Task objective: Nothing below is to be printed except the lines between the line holding "À carreaux Vert" and the line holding "Pendant. Fashion Zinc", inclusive, each exactly as it appears.

Dataset records:
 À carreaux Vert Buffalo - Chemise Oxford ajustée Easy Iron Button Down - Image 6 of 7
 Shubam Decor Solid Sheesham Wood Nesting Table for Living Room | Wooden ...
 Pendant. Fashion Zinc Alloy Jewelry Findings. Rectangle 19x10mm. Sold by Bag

---

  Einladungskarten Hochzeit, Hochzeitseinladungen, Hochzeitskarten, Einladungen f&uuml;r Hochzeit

Reply:
 À carreaux Vert Buffalo - Chemise Oxford ajustée Easy Iron Button Down - Image 6 of 7
 Shubam Decor Solid Sheesham Wood Nesting Table for Living Room | Wooden ...
 Pendant. Fashion Zinc Alloy Jewelry Findings. Rectangle 19x10mm. Sold by Bag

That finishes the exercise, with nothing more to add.